As Tim Urban said before, not having an email today would be the equivalent of not having a phone number. Everything goes through email. But more importantly, email is how we communicate for work. It is the lowest common denominator for every working professional in the world to communicate.

This is why we all need to be writing effective emails. Writing better emails allows us to do more things with less time (fewer threads) and keep our minds focused on important things.

Throughout my career with IBM and Walmart, and now with Hyperinbox as a founder, I've read tens of thousands of emails that could have been written better. I've written emails that I wish I could take back and write them again.

From my learnings on email, I have two pieces of advice on writing better emails. Aside from fundamental grammar and formatting, these two learning points have served me well thus far in handling email communication.

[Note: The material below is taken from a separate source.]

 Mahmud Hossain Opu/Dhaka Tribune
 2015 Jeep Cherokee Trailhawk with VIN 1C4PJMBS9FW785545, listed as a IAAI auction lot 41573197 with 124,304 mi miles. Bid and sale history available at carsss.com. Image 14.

I've also read others' take on writing better emails. There are literally guides, books, lectures, and seminars on how to write a good email. You can look at them, but I think at the core of any communication, the most important factor to consider is putting yourself in the shoes of your audience. Hence, the two ways of writing an effective email:

  1. Brevity and cutting through the chase
  2. Communicating your agenda/goal in the email

Brevity is a sign of respect. Get to the point.

Many people tend to write lengthy introductions before they talk about why they're sending the email in the first place. They usually start with a greeting, then assures they hope you're doing well, talk about the weather, then go through a whole bunch of B.S. before they finally write the ask.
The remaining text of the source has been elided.